Pour toutes ces irrégularités financières qui ont occasionné une perte sèche de plus de 191 millions FCFA (191 896 675F) à l’Université des Lettres et des Sciences Humaines de Bamako, en abrégé ULSHB, un sursaut national gagnerait à tenir compte de ces alertes suffisamment pertinentes dans le sens où il n’est pas rare d’entendre la population active se plaindre du niveau de nos étudiants. Avec un tel gâchis dans la gestion des ressources financières, ils sont condamnés à ne pas recevoir un enseignement de bonne qualité. Il s’agit là d’une perte à deux niveaux.
D’une part, l’État perd une quantité inestimable de ressources qui auraient pu servir à renforcer d’autres secteurs de développement prioritaires ; et d’autre part, l’avenir des futures générations se trouve hypothéqué par de tels comportements irresponsables dans la gestion des deniers publics.

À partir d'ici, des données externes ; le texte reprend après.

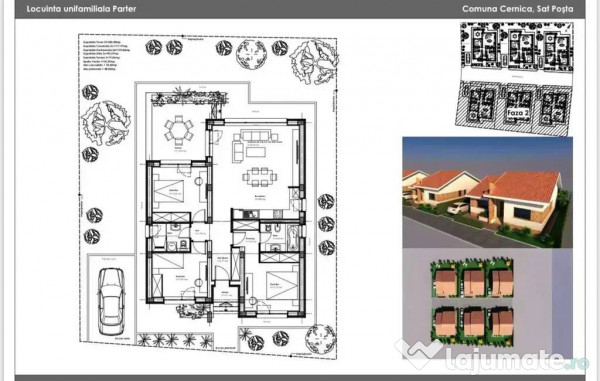 Vila unifamiliala construita corect in Cernica cu acces u... 
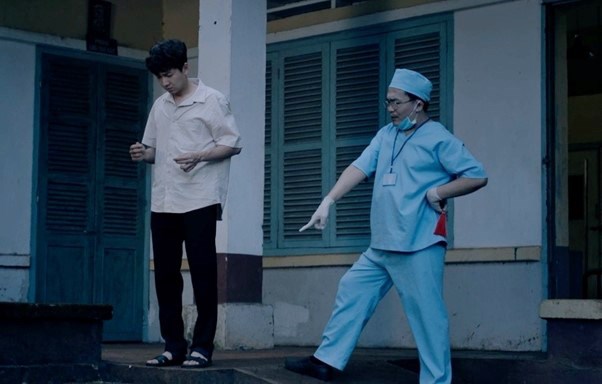 Phim trở lại với bản dựng mới, có một số thay đổi nhỏ.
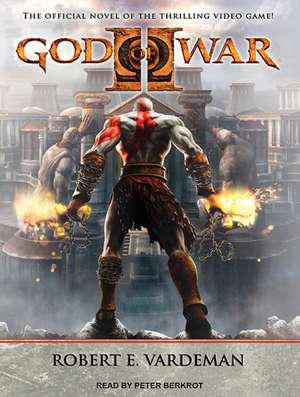 God of War II de Stephen Hoye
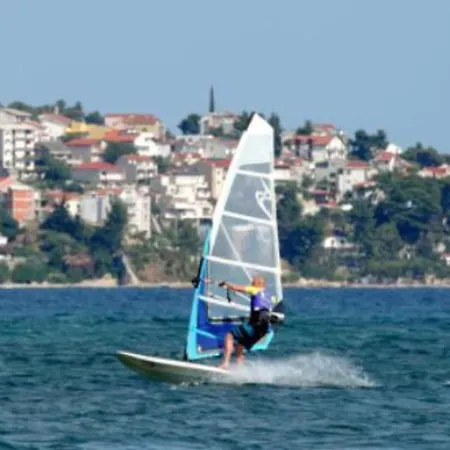 Borzic - One Bedroom With Terarce And Sea View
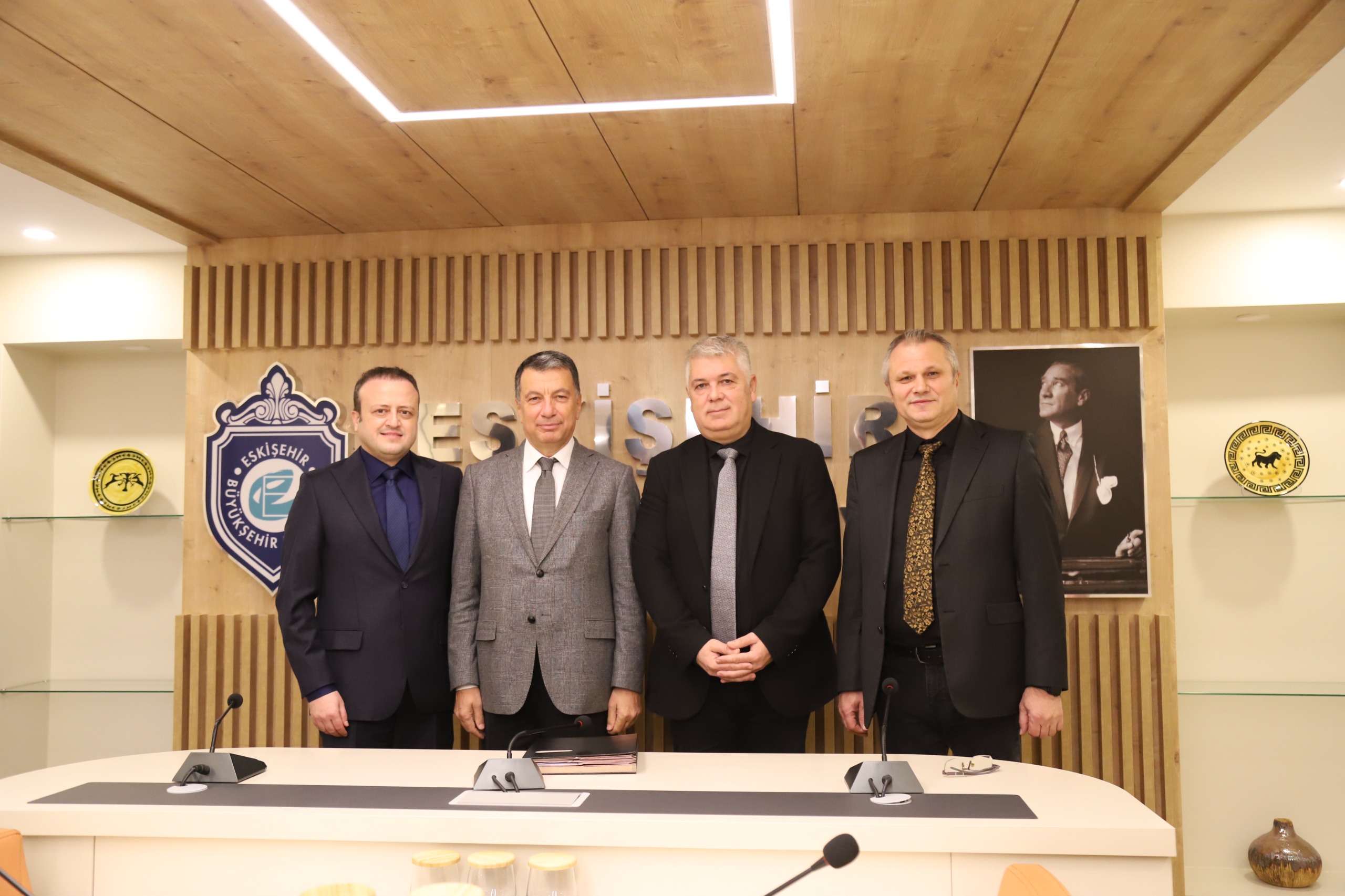 Eski̇şehi̇r’de Hafri̇yat Yöneti̇mi̇nde Yeni̇ Dönem (1)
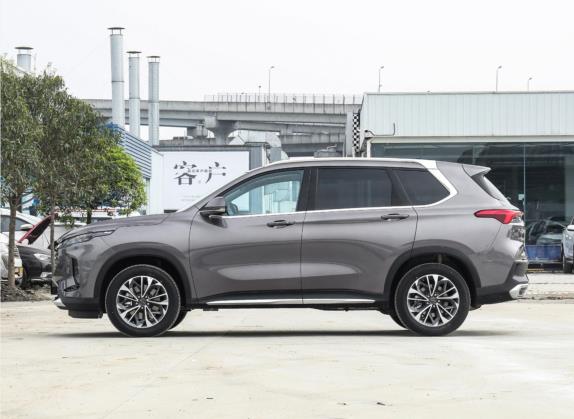 上汽大通MAXUS D60 2019款 1.5T 自动舒享版 7座 外观   正侧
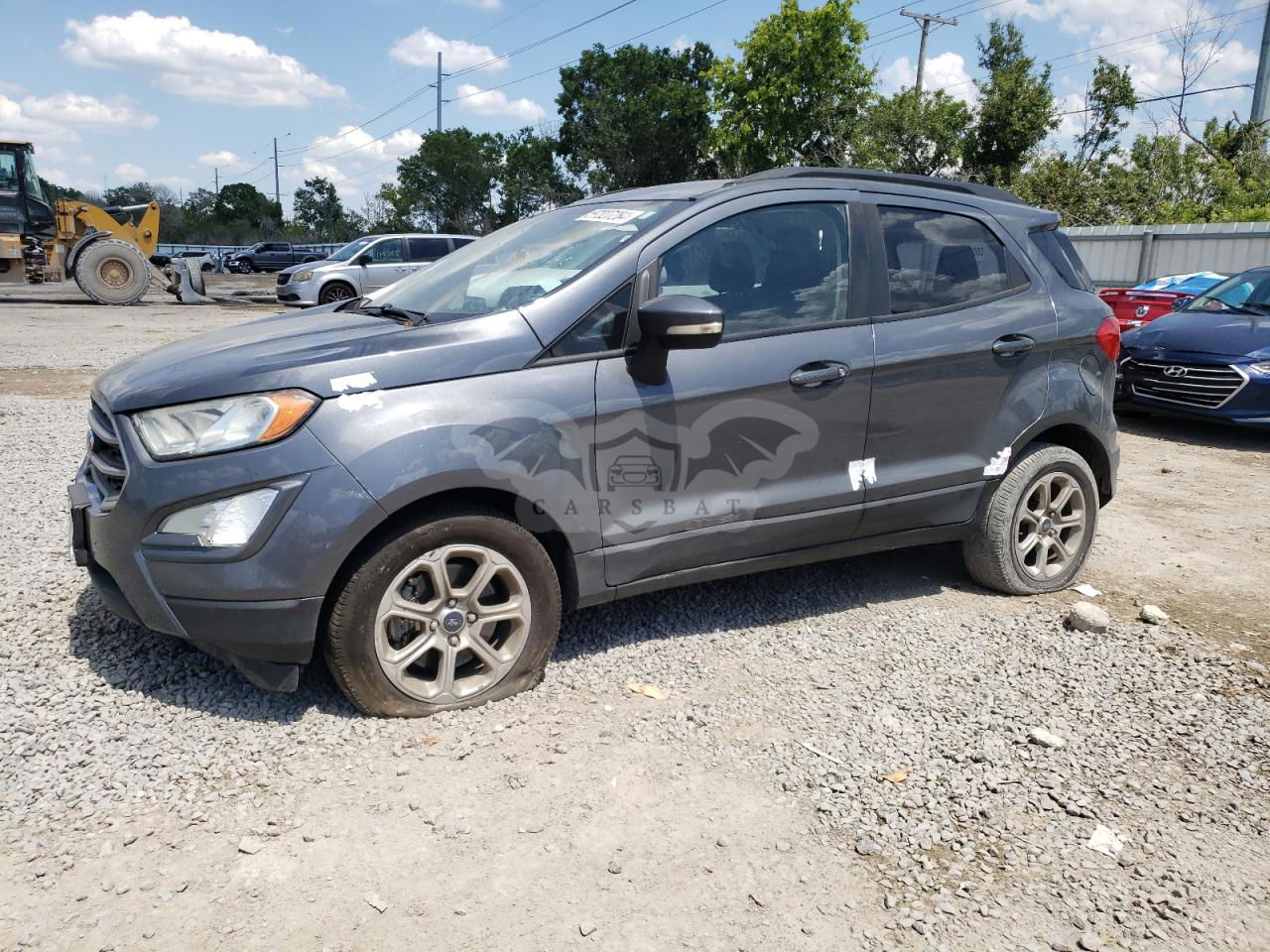 Ford Ecosport 2020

À l’issue des travaux contradictoires ayant permis la prise en compte des observations de l’Université des Lettres et des Sciences Humaines de Bamako, le rapport définitif de la vérification au sein de cette entité étatique a été transmis à qui de droit. Toutefois, il est heureux de constater que, malgré tout, certains professeurs restent en marge de ces différents écarts.
Mais en attendant, les responsables des cas de fraude signalés à l’Université des Lettres et des Sciences Humaines de Bamako, sont clairement identifiés et ont fait l’objet de dénonciations du BVG au Procureur de la République qui appréciera la suite à donner au dossier. C’est dire qu’à l’ULSHB on ne dort plus que d’un demi-œil.